Fintech companies and their partners are on alert as a flurry of new state and federal cybersecurity requirements take effect. The New York Department of Financial Services (NYDFS) and the Federal Trade Commission (FTC) both recently finalized changes that will create additional compliance obligations, expand existing regulations to new entities and mandate that banks and fintech firms move quickly to update their cybersecurity policies and incident-response capabilities.
NYDFS enacted a series of changes to its existing cybersecurity rules that apply to any entity operating under a license, registration or other similar authorization under New York’s banking, insurance or financial services laws. These new obligations, along with their implementation dates, include:
• December 1, 2023: New incident reporting rules that require covered entities to provide regulators with notice of payment within 24 hours of a ransomware or other extortion payment made in connection with a cybersecurity event as well as a written description of why payment was necessary, alternatives considered and efforts to find alternatives and comply with applicable rules and regulations within 30 days of payment.
• November 1, 2024: Chief information security officers must internally report material cybersecurity issues and annual plans for remediating material inadequacies as well as conduct yearly reviews of the effectiveness of compensating controls. Entities also must maintain written incident, business continuity and disaster recovery plans.
• May 1, 2025: Covered entities must implement various technical cybersecurity measures, including penetration testing, automated scans of information systems, limits on the use of privileged accounts, annual removal of unnecessary accounts and access, written password policies and more.
• November 1, 2025: Covered entities must enable multi-factor authentication for any individual accessing their information systems, unless qualified for an exemption.
The NYDFS amendments also expand the definition of a cybersecurity incident to include incidents that occur at affiliates or third-party service providers. Given the ever-increasing use of service providers and hosted solutions, this definition could dramatically expand the number of incidents that must be reported to the regulator.

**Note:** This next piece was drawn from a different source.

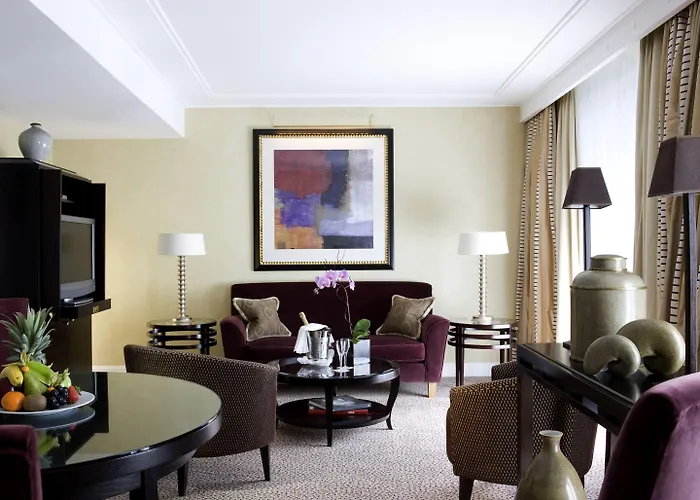 Warwick Champs-elysees Hotel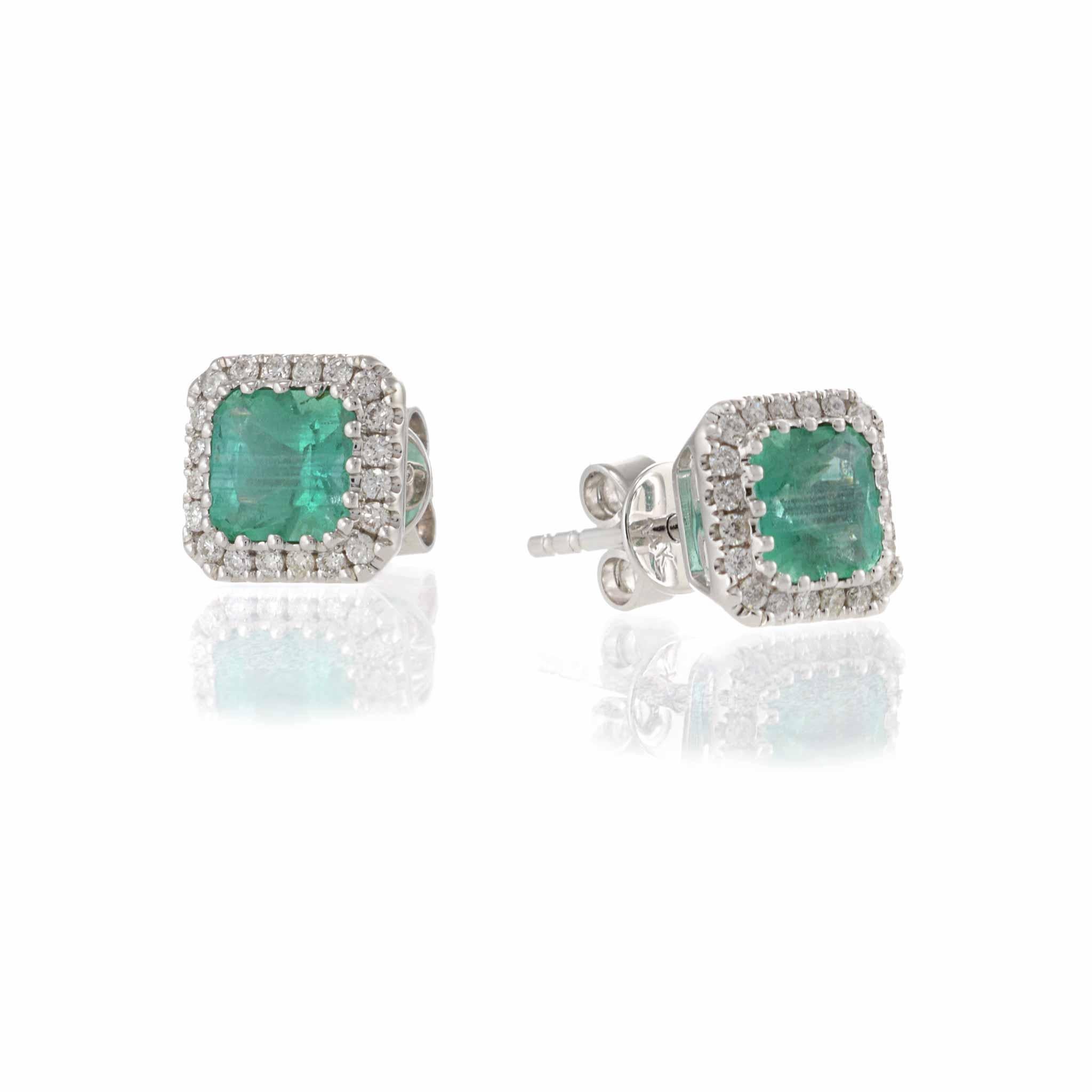 Orecchini a cerchio in oro bianco 14KT con smeraldo e diamante in vendita 1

Meanwhile, the FTC published an amendment to the Safeguards Rule, which takes effect in May of 2024. The Safeguards Rule broadly requires financial institutions — including financial advisors, payday lenders, mortgage brokers and lenders, collection agencies, motor vehicle dealers and more — to protect customers’ non-public information. The amendment will require those entities to report to the FTC when they discover that information affecting 500 or more people has been acquired without authorization. Key takeaways include:
• The FTC will consider customer information unencrypted if the encryption key was accessed by an unauthorized person and will presume that unauthorized access resulted in unauthorized acquisition unless the financial institution has reliable evidence to the contrary.
• Notice must be given within 30 days of the event being known to any employee, officer or other agent of the financial institution, other than the person committing the breach.
• Notices must include the reporting institution’s name and contact information, the types of information involved, the date the event took place, the number of affected consumers, a general description of the event and whether law enforcement has determined that notifying the public would endanger a criminal investigation or national security.
• The amendment will not require notifying the affected individuals.
• Companies should expect many of these obligations to flow down to service providers and other companies that work directly with financial institutions.
The new NYDFS and FTC regulations are not one-offs. They are part of a sustained push toward greater oversight of the financial services industry, even for entities that have traditionally been less regulated than banks or similar financial institutions. Given this momentum, companies need to work hard to stay ahead of the curve and not treat compliance as a check-the-box exercise.
Incident response policies should be updated and stress-tested through tabletop and similar exercises to ensure response teams can meet the tight deadlines and transparency that regulators demand. Financial entities should continually refine their vendor management programs, data mapping and similar internal practices to proactively manage risks before compliance issues arise. In today’s financial sector, keeping up means keeping ahead.